昨日書いたように、リパッケージアルバムは、アメリカで多用される販売手法です。アメリカではアルバムの売上を重視し、アルバムをより多く売るためにアルバムから次々にシングルカットしてラジオでのエアプレイ回数を増やす手法が採られます(ラジオエアプレイがプロモーションの有効な手立てであり、ビルボードのシングルチャートではラジオエアプレイ回数が大きなウエイトを占めます)。シングルはほとんどCD化されないため、CDを買う場合はアルバムを…となるわけです。そして、アルバムからひと通りシングルカットされた後、そのシングルの別ヴァージョンなどをひとまとめにして追加収録してリリースするようになった…というのがリパッケージアルバムの起源ではないかと推測しています(あくまで私見です)。ですので、シングルを複数出しその集大成としてアルバムを発売するという日本においては、リパッケージアルバムは親しまれにくいのではと考えます。集大成となるアルバムに瞬発力をつけるべく、DVDなどの特典をつける手法が採られてきたのもそのためでしょう。

 

安室奈美恵さんの場合、アルバムのみの収録曲が複数CMタイアップとして用いられていたので、アルバム発売後のシングルカットはなくともCMタイアップ曲を中心にリミックスが登場するのは自然であり、リパッケージアルバムの登場も自然なことといえます。

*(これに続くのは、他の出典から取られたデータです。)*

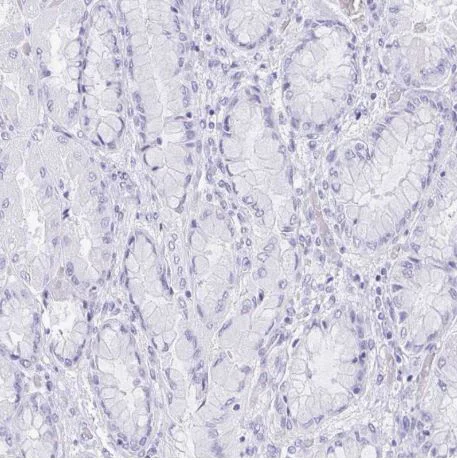 Immunohistochemistry (Formalin/PFA-fixed paraffin-embedded sections) - Anti-REG4 antibody (AB204171)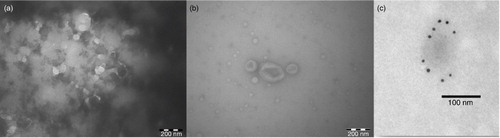 Fig. 2.  Transmission electron microscopy (TEM) images of plasma EVs (a) before and (b) after qEV purification and (c) CD9+ immunogold-labelled EVs after qEV purification.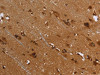 The image on the left is immunohistochemistry of paraffin-embedded Human brain tissue using CSB-PA985162 (FLNA Antibody) at dilution 1/40, on the right is treated with fusion protein. (Original magnification: ×200)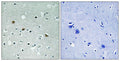 Immunohistochemical analysis of paraffin-embedded human brain tissue using LATS1/2 (Phospho-Thr1079/1041) antibody (left)or the same antibody preincubated with blocking peptide (right).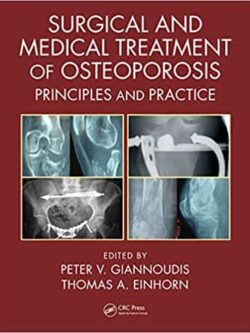 Surgical and Medical Treatment of Osteoporosis: Principles and Practice – eBook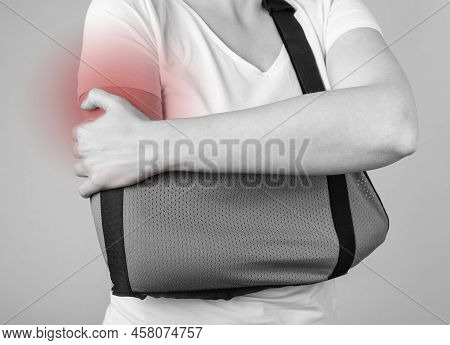 Woman Wearing Sling To Support Injured Shoulder With Red Spot. Arm Trauma, Injury, Acromion Fracture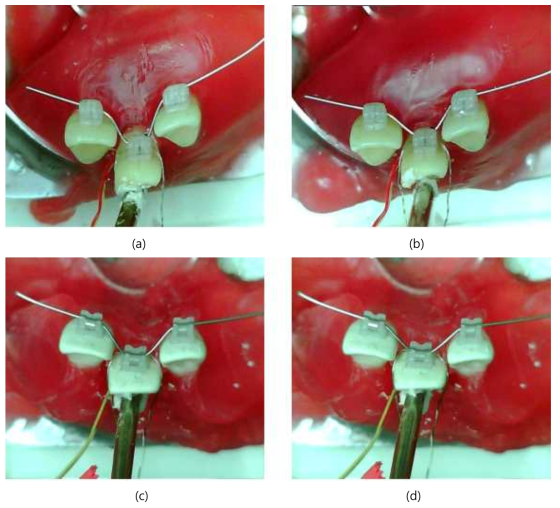 Mini-Taurus® 일반결찰 브라켓 그룹의 치료 전(a)과 후(b)의 결과와 Clarity® 일반결찰 브라켓 그룹의 치료 전(c)과 후(d)의 사진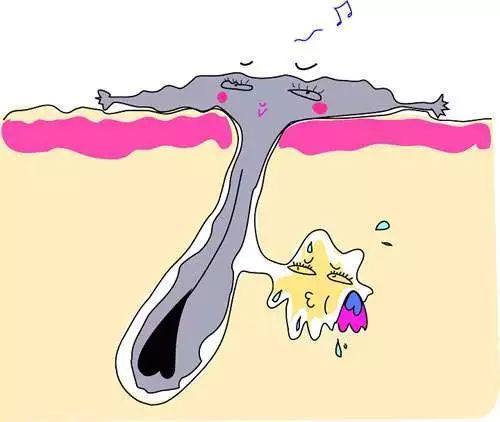 如何疏通脸上毛孔收缩毛孔,脸上毛孔粗大用什么就会收缩毛孔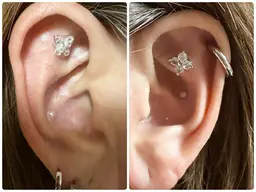 耳ツボジュエリー💎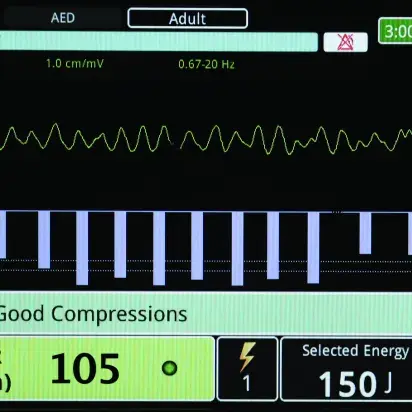 Monitor-Desfibrilador M2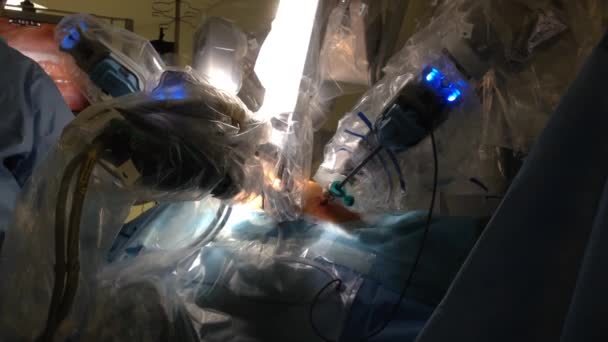 Малоінвазивна хірургія — стокове відео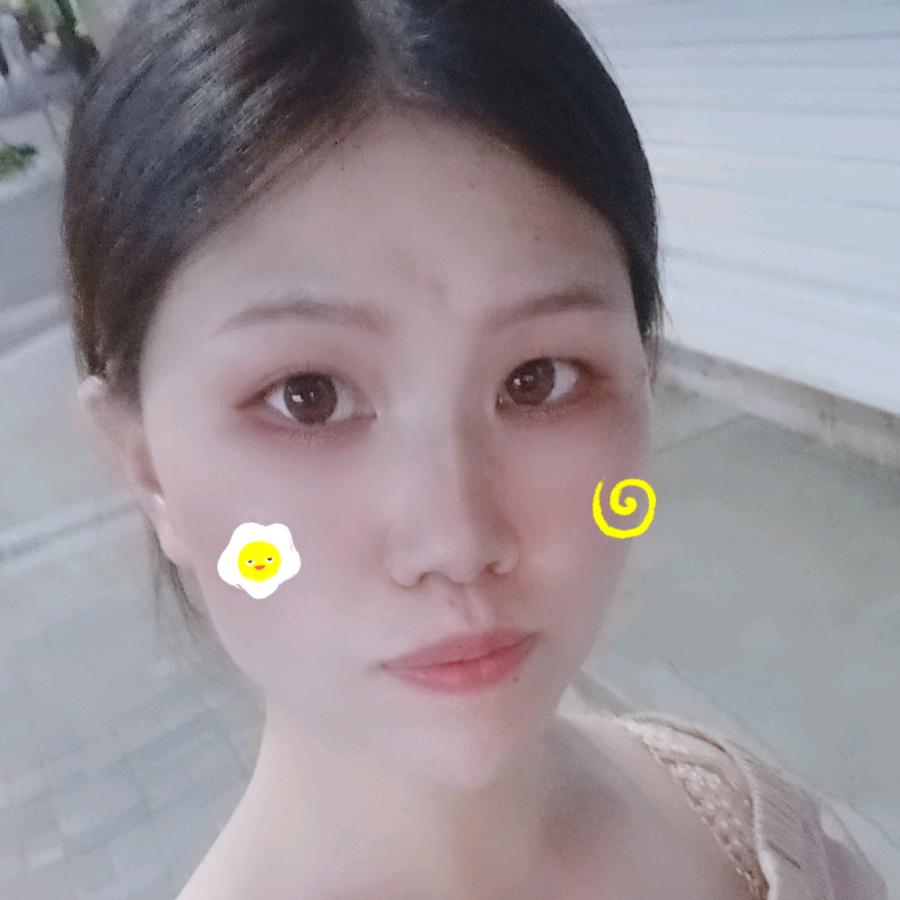 菲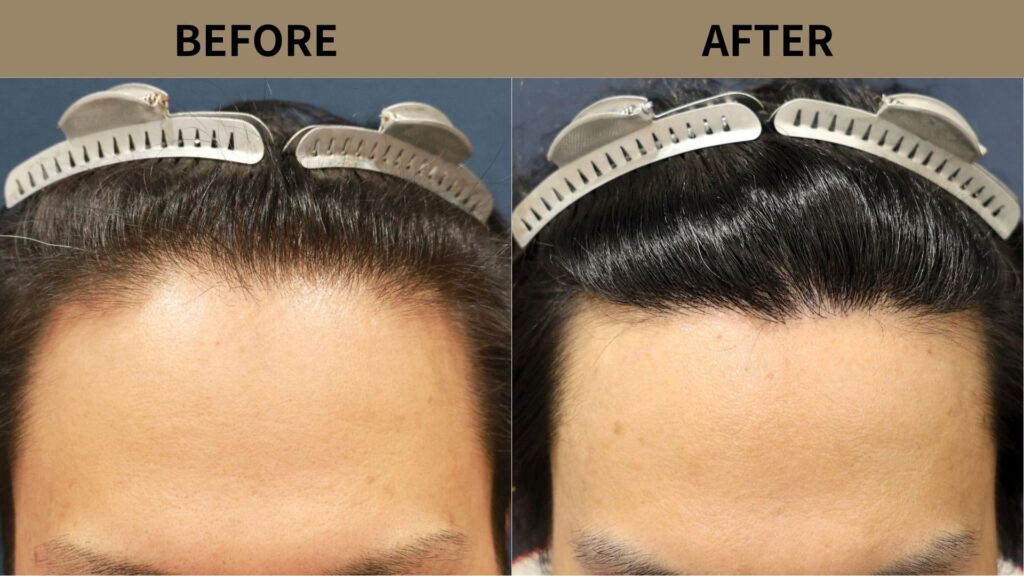 【症例更新】40代男性｜生え際の薄毛・密度アップ1400グラフト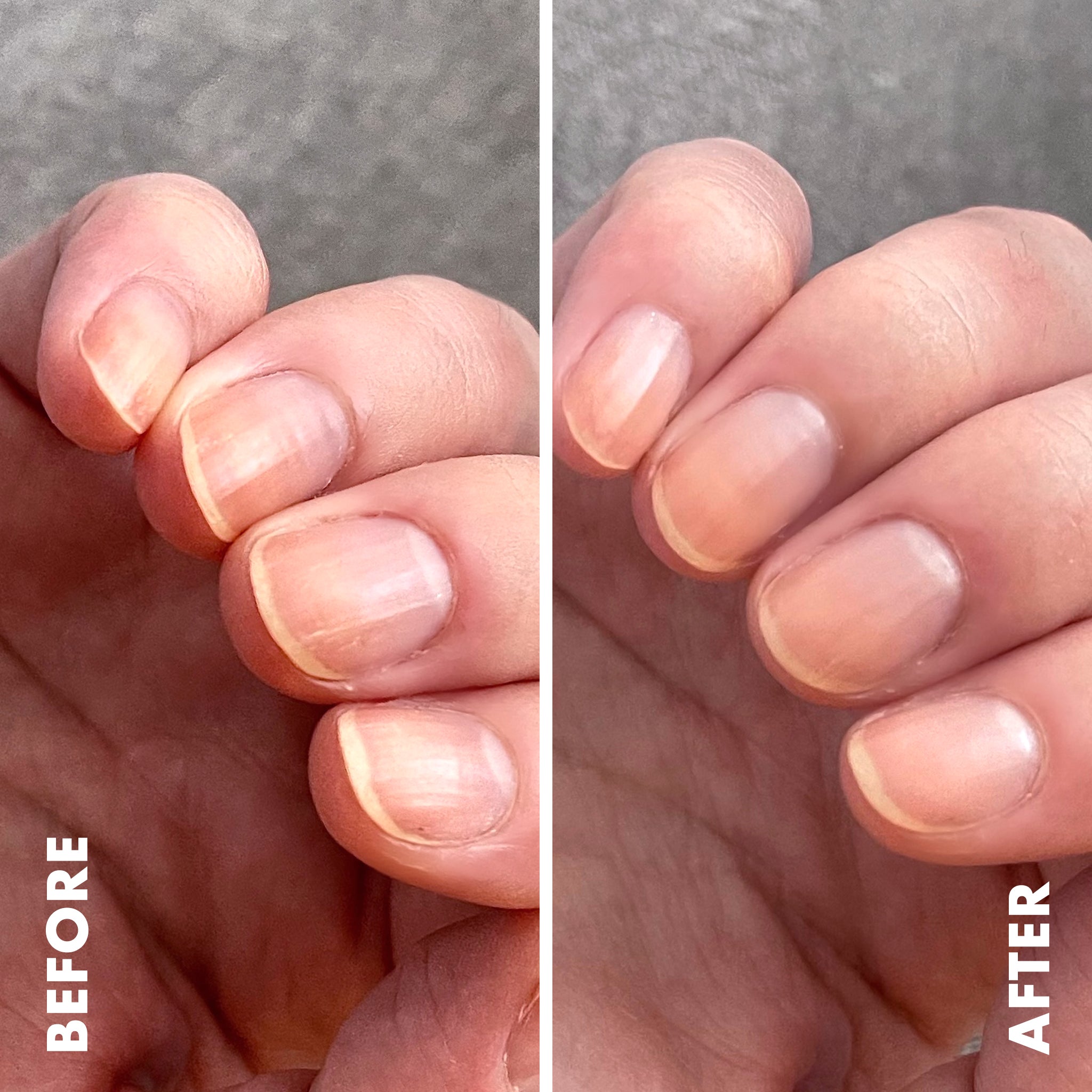 Ridge Filler、mySite、solidvoid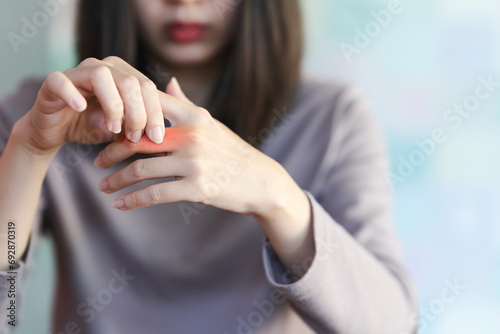 Woman has finger joint pain due to rheumatoid arthritis. Health care concept.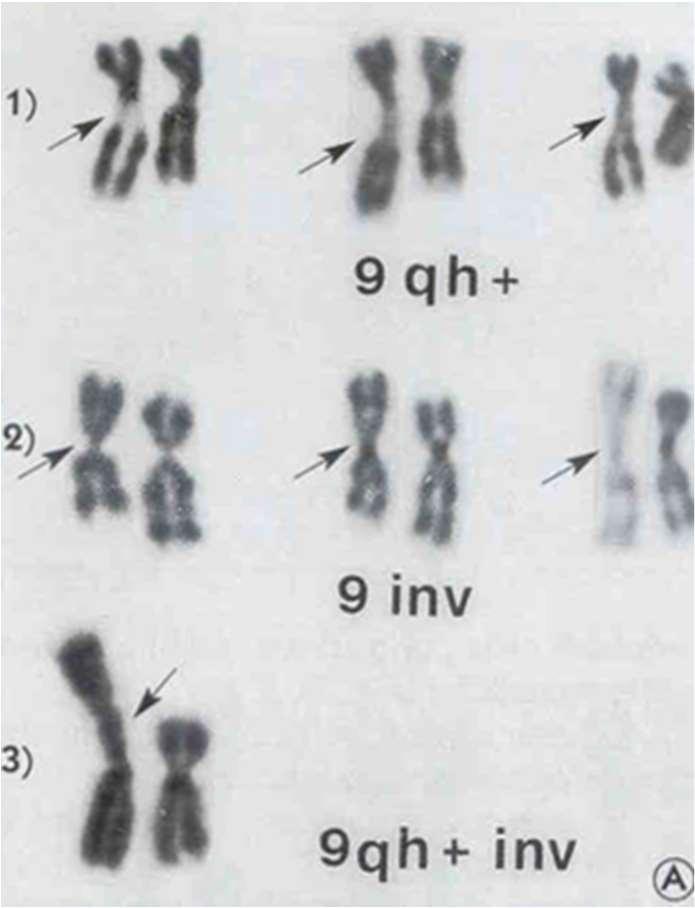 Variazioni dell eterocromatina pericentromerica Sono in genere espansioni, ma anche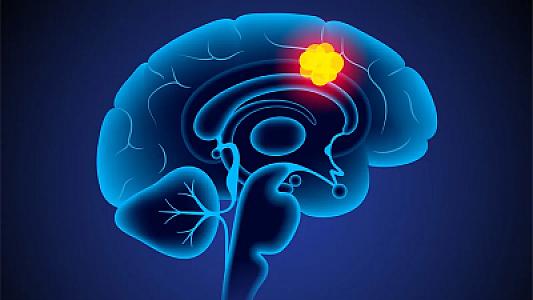 Bu müalicə sayəsində ölümcül xərçəngdən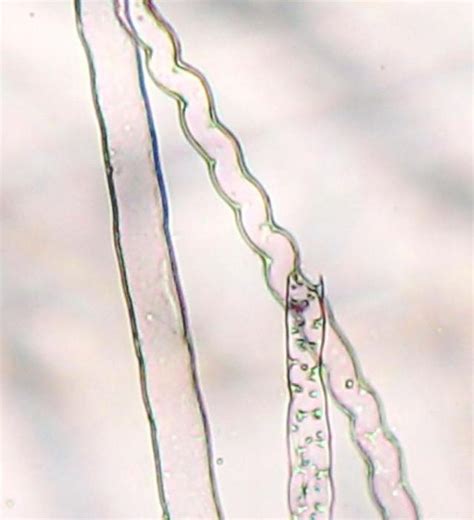 What are rhizoids? Function, structure, morphology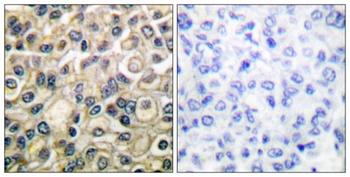 Claudin 1 antibody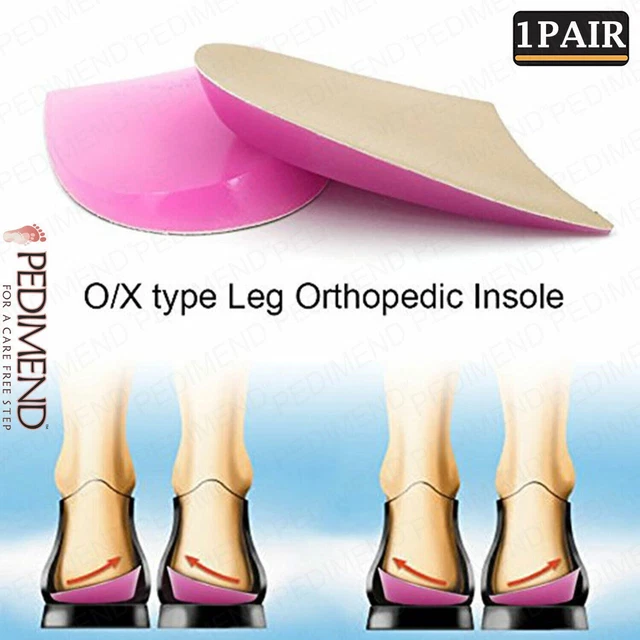 Pedimend 2 Pairs Silicone O/X Type Legs Correction Insole | Correct Pedimend 2 Pairs Silicone O/X Type Legs Correction Insole | Correct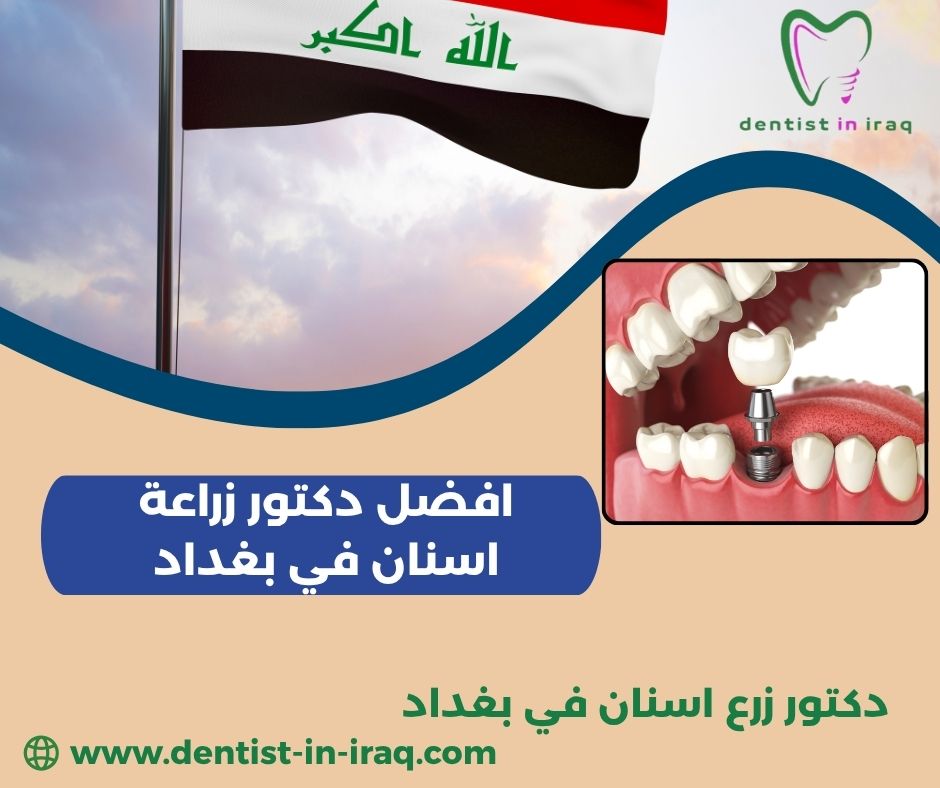 افضل دكتور زراعة اسنان في بغداد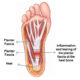 plantar-fasciatis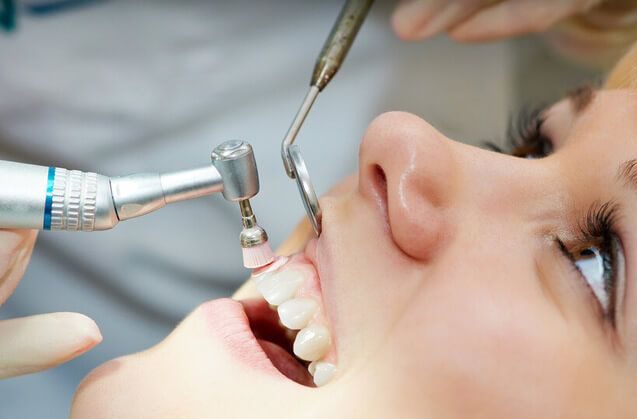 Cuida tus diente, realízate una limpieza dental profesional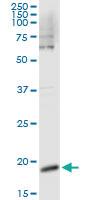 Anti-CSF3 Antibody Pair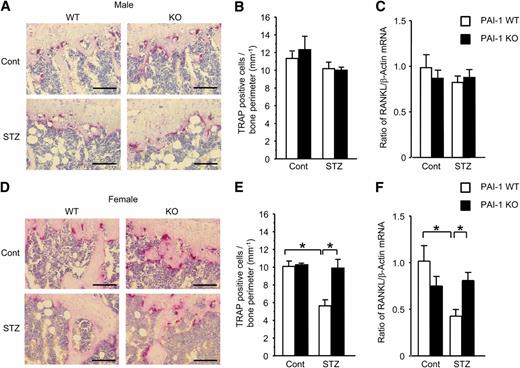 FIG. 4. Effects of PAI-1 deficiency on bone resorption in tibia of both sexes of diabetic mice. TRAP staining (A) and number of TRAP-positive multinucleated cells (B) in tibia of control and streptozotocin-treated male PAI-1 WT and KO mice. Results are expressed as means ± SEM. *P < 0.05 (n = 5–7 in each group). Levels of RANKL mRNA (C) in tibia of control and streptozotocin-treated male PAI-1 WT and KO mice. Results are expressed relative to β-actin mRNA values and expressed as means ± SEM. *P < 0.05 (n = 5–7 in each group). TRAP staining (D) and number of TRAP-positive multinucleated cells (E) in tibia of control and streptozotocin-treated female PAI-1 WT and KO mice. Results are expressed as means ± SEM. *P < 0.05 (n = 5–7 in each group). Levels of RANKL mRNA (F) in tibia of control and streptozotocin-treated female PAI-1 WT and KO mice. Results are expressed relative to β-actin mRNA values and expressed as means ± SEM. *P < 0.05 (n = 5–7 in each group). Cont, control; STZ, streptozotocin.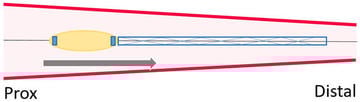 Total stent loss GW in-situ: stent vessel mismatch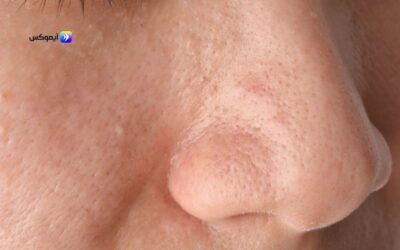 منتجات العناية بالبشرة الدهنية واسعارها من تطبيق آيموكس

ただ、そのリリースのアナウンスに不可解さが否めず、ゆえにリパッケージアルバム化についても素直に受け入れがたい部分があることは否めません。

 

 

日本ではリパッケージアルバムが少しずつではありますが浸透しているようです。しかし既に元のアルバムのリリース時に特典手法が採られており、さらに加えてリパッケージアルバムという手法を採るようになれば、ファンはいくら応援したくとも特に金銭面の疑問を抱くのではないでしょうか。売らんとすることは分かりますし、短期的には売上を稼ぎ潤うでしょう。しかしファンを思いやることを忘れれば、中長期的にファン離れを招き緩やかな売り上げ減少につながります。

その意味においては、リパッケージアルバムは日本の音楽業界の主流になってはいけない、と考えています。